▶ _TASK DATA_:
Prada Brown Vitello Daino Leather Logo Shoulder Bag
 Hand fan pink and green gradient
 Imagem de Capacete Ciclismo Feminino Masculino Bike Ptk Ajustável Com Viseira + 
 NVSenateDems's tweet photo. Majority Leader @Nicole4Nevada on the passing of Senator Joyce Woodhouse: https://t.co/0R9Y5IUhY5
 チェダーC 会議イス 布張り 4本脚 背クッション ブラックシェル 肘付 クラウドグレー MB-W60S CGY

▶ _TASK DETAILS_: From the first line to the last, retype the records exactly.

▶ _ANSWER TO THE PROBLEM_:
Prada Brown Vitello Daino Leather Logo Shoulder Bag
 Hand fan pink and green gradient
 Imagem de Capacete Ciclismo Feminino Masculino Bike Ptk Ajustável Com Viseira + 
 NVSenateDems's tweet photo. Majority Leader @Nicole4Nevada on the passing of Senator Joyce Woodhouse: https://t.co/0R9Y5IUhY5
 チェダーC 会議イス 布張り 4本脚 背クッション ブラックシェル 肘付 クラウドグレー MB-W60S CGY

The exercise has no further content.